True cost of war overlooked by Bush

True cost of war overlooked by Bush

by David Morain

Though the United Nations stands firm in its decision to continue with the weapons inspection process, it looks as though the impatience of President George W. Bush may undo any progress achieved in Iraq thus far. The end result, no matter how you look at it, will probably plunge the United States into war.

The past few weeks have seen the political advantages of Bush begin to dwindle. Hans Blix, the chief United Nations weapons inspector, reported that Saddam Hussein was cooperating with the March 1 deadline for all weapons of mass destruction within the country in accordance with U.N. Resolution 1441. Much to the chagrin of Bush, there is nothing in Resolution 1441 pertaining to the removal of Saddam Hussein from power.

On that same day, the Turkish parliament voted not to allow United States troops to operate from its bases and ports. One military official was quoted as saying that a war with Iraq could take up to twice as long as a result of the vote.

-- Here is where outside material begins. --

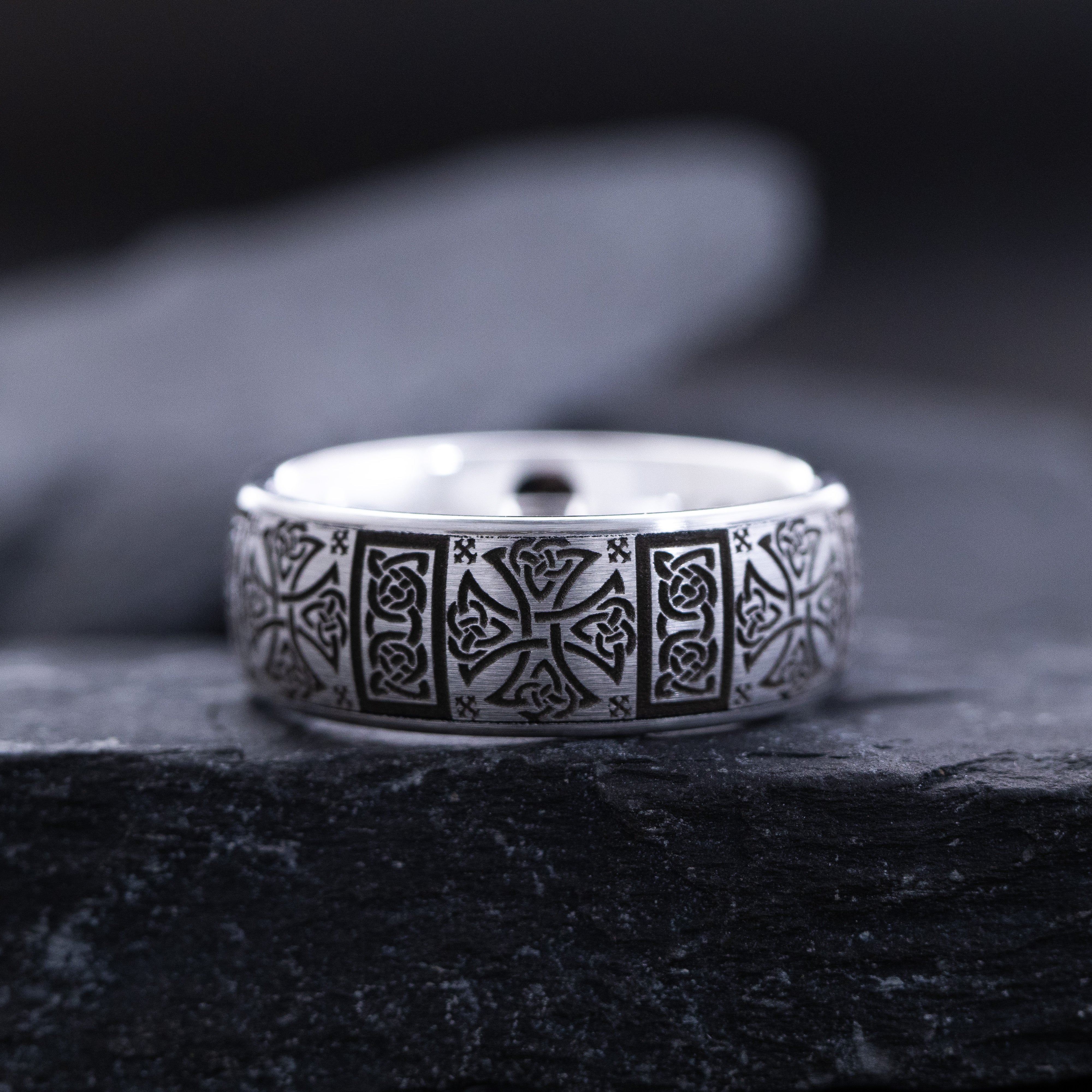 8mm Silver and Black Tungsten Carbide Band with Celtic Cross and Knot Deep Engravings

The Arab League, a united coalition of most of the Middle Eastern nations, called on Arab states not to participate in a United States-led war with Iraq. The Arab League secretary-general, Amr Moussa, asked, “What’s the hurry to conduct a war that is extremely unpopular in the region, in the world, and unjustified?”

The Arab League has thrown its support behind the United Nations, which will hold a Security Council vote in the coming weeks to decide if force is necessary in Iraq. So far, the odds look as though the vote will not pass.

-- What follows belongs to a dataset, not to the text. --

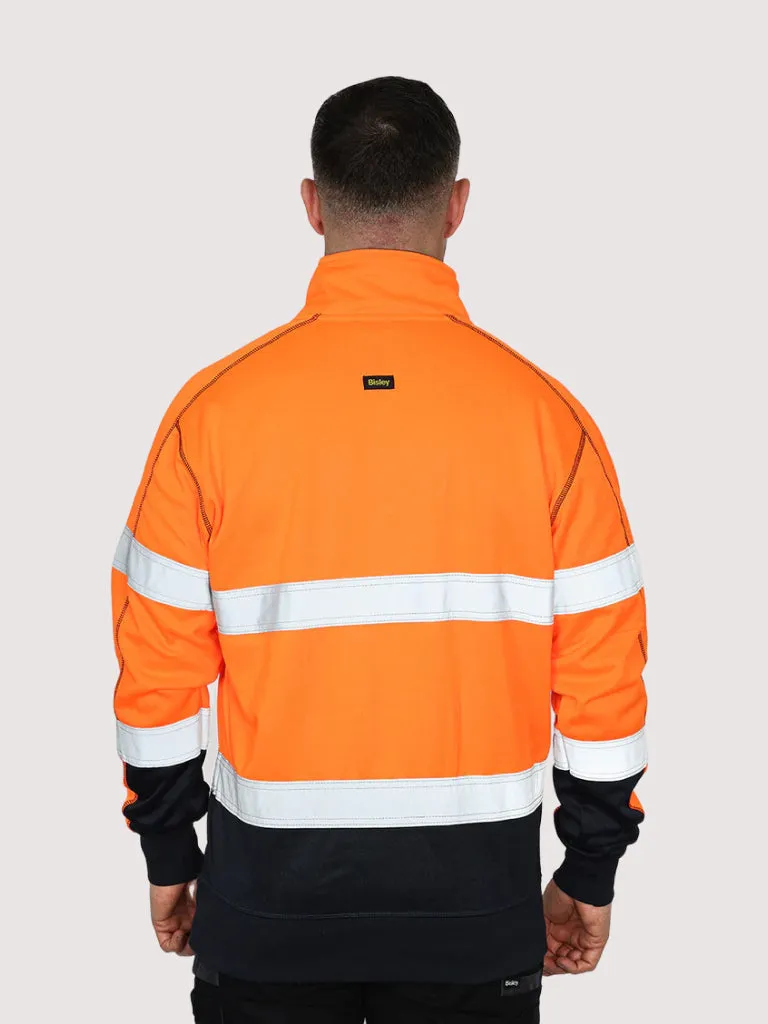 TAPED HI VIS ZIP FLEECE PULLOVER WITH SHERPA LINING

Do you think this deters Bush? He’s ready to run into the Middle East, guns blazing like something out of a Steve McQueen movie. He has recruited some nations to aid in our efforts, coercing their favor through promises of “assistance” and trading status. It’s almost as if Bush is putting together some sort of global Hessian army.

The world has grown restless as protestors have clogged the streets in hundreds of cities around the globe to rally against Bush’s pro-war demagoguery. On Feb. 17 alone, between six and 10 million people staged anti-war rallies in over 60 nations. What is surprising is that many of the largest protests occurred in countries that have expressed the most support for Bush (Great Britain, Spain, Italy and Australia).

The problem is that once Hussein is unseated, no one is quite sure what to do with Iraq, a nation made up of several religious and ethnic factions. Our government is even divided upon what should be done. The State Department and CIA want the ruling Baath Party to stay in power while the office of the vice president and the Pentagon want an exile-led, pro-West government to control the nation. However, even these exiled Iraqis do not have a concise plan of action once they are placed in charge. Many can’t look past personal animosities toward warring factions and each other.

If Hussein was taken out of the equation, Bush has no idea of the hellstorm that the United States will have on its hands. What will the other Arab states do? Will this be a call to arms for terrorist groups? What if, as some have experts have speculated, an Iraqi army officer pulls an 11-hour coup and proclaims himself a friend to the West? Will the United States be ready for these possibilities?

And who will pick up the tab for this political rebuilding project? Do you think we can fix things overnight? Many officials have stated that occupying Iraq for around 10 years is not out of the question. Yale economist William D. Nordhaus has estimated that while a military venture into Iraq would cost between $50 and $140 billion, rebuilding and occupying Iraq would cost almost $2 trillion. With the poor state of our national economy, this is next to impossible without unloading the cost on our children or even our grandchildren.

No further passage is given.